[Opening GIVEN ENTRIES section]

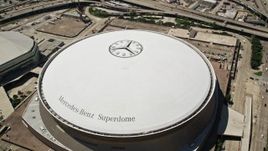 5K aerial stock footage approach the Mercedes-Benz Superdome, Downtown New Orleans, Louisiana Aerial Stock Footage | AX59_019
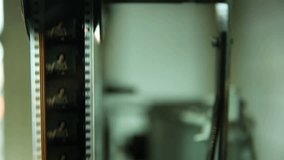  Macro shot: Vintage film strips glide through intricate projector or scanner rollers. Evokes cinema nostalgia and analog processes. Perfect for archival, retro, or filmmaking themes. - Powered by Shutterstock - Get 15% off with code: PIKWIZARD15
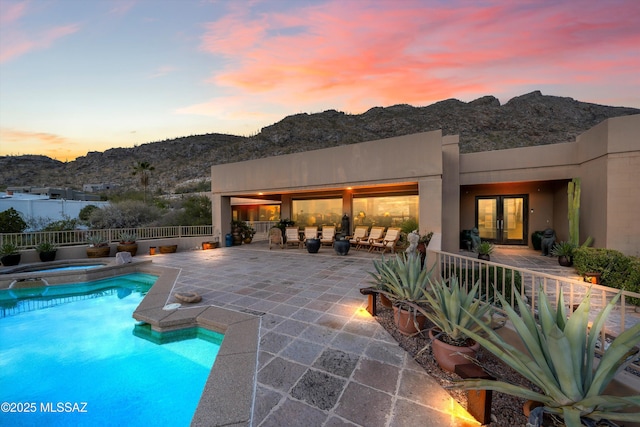 view of swimming pool with a fenced in pool, an in ground hot tub, fence, french doors, and a patio area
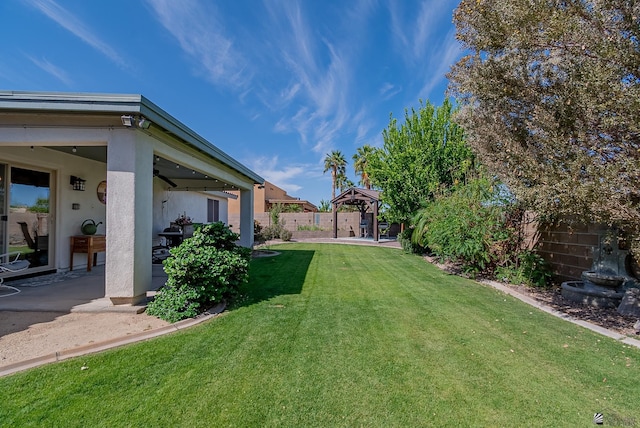 view of yard with a gazebo, a fenced backyard, and a patio area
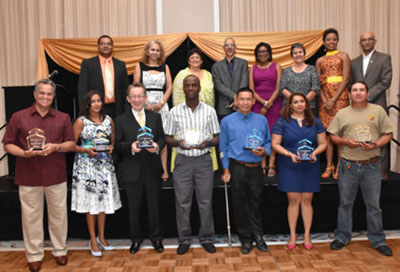 The awardees are in front row. Also in photograph are Minister of Business with responsibility for Tourism, Dominic Gaskin (fourth from left); Minister of Public Telecommunications, Catherine Hughes (fifth from left); President of THAG, Andrea de Caires (third from left); and Director of Guyana Tourism Authority, Indranauth Haralsingh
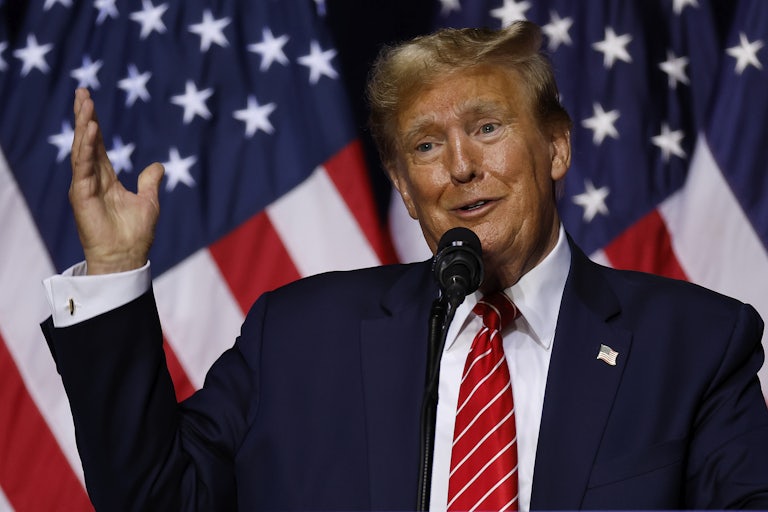 Donald Trump speaks at a mic and makes a very weird face. A U.S. flag is behind him.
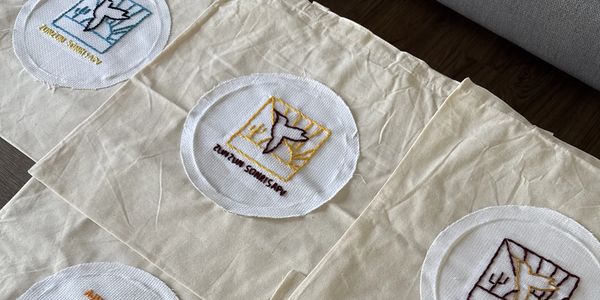 Embroidered patches with bird designs on fabric.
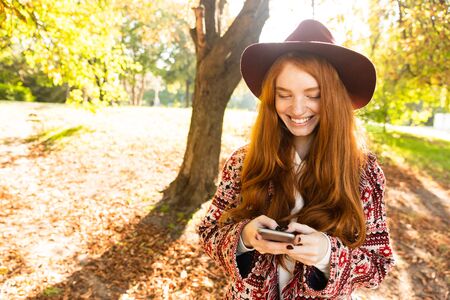 Image of a smiling cutie young student redhead girl in autumn park using mobile phone.の写真素材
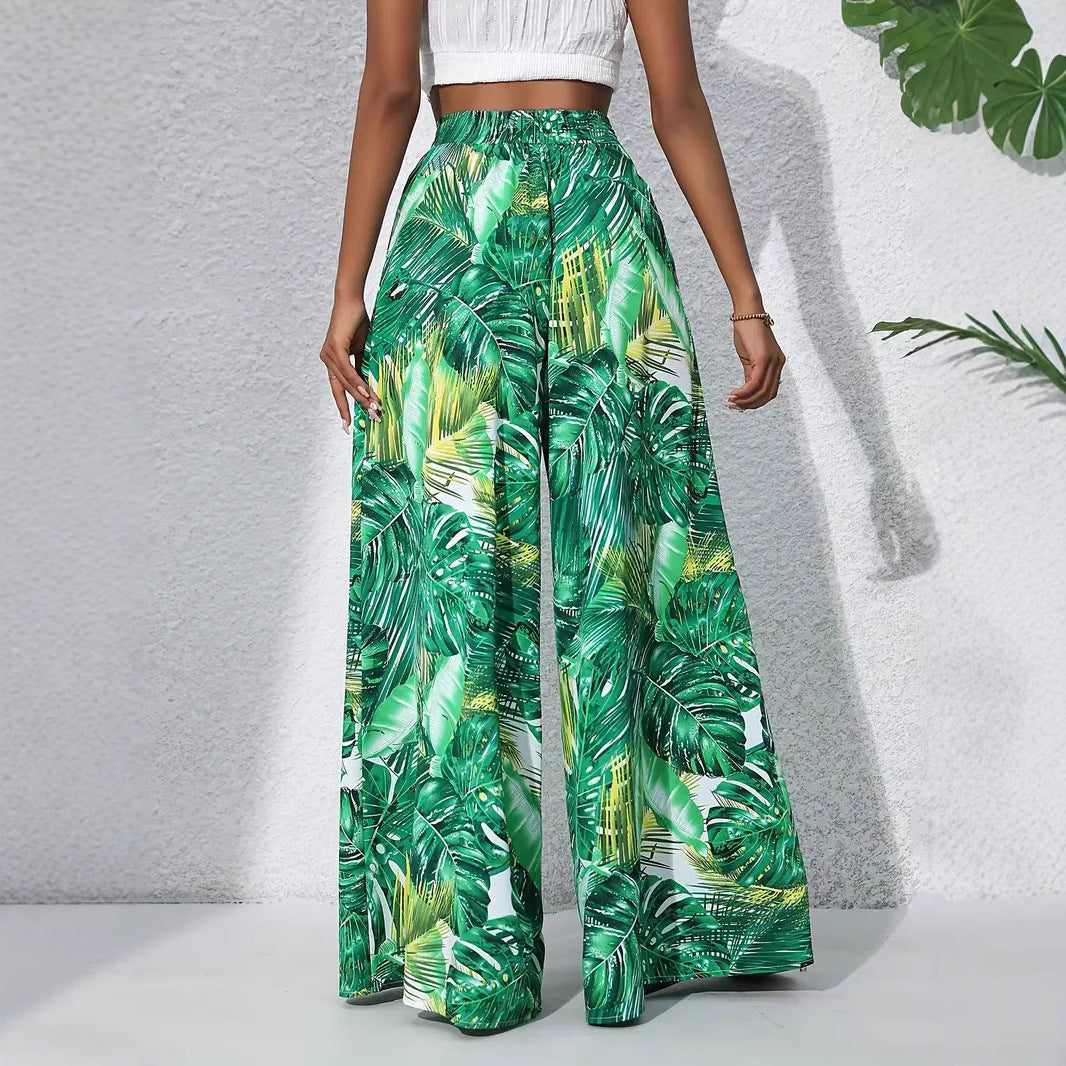 Tropical leaf patterned pants worn by a person on a light gray background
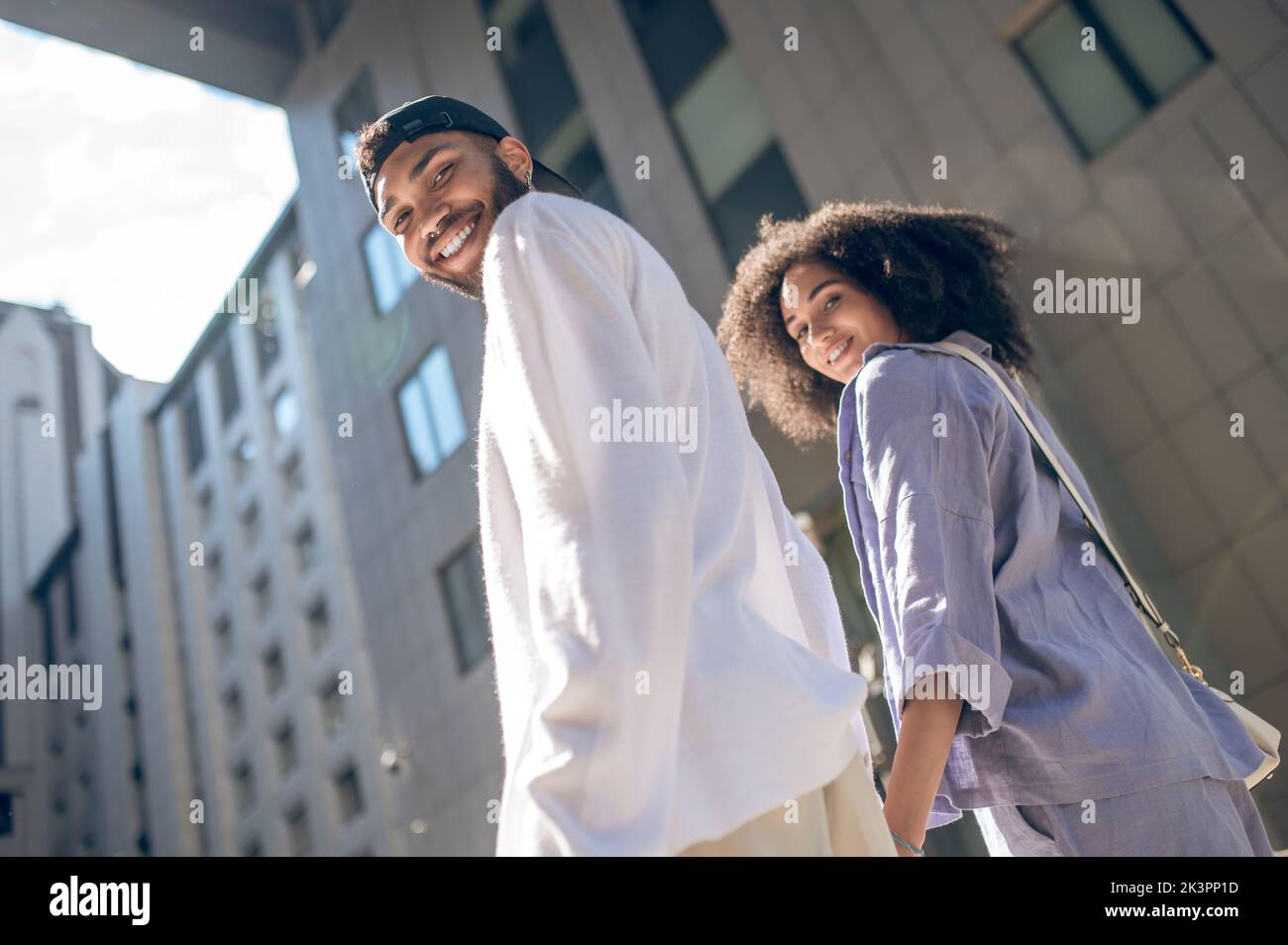 Giovane coppia che cammina per strada e tiene le mani Foto Stock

[Closing GIVEN ENTRIES section]

● ASSIGNED TASK
Write out exactly and only the lines that run from the start of the data above through the line containing "view of yard", leaving the pictures out.

● SOLVED EXERCISE
 5K aerial stock footage approach the Mercedes-Benz Superdome, Downtown New Orleans, Louisiana Aerial Stock Footage | AX59_019
  Macro shot: Vintage film strips glide through intricate projector or scanner rollers. Evokes cinema nostalgia and analog processes. Perfect for archival, retro, or filmmaking themes. - Powered by Shutterstock - Get 15% off with code: PIKWIZARD15
 view of swimming pool with a fenced in pool, an in ground hot tub, fence, french doors, and a patio area
 view of yard with a gazebo, a fenced backyard, and a patio area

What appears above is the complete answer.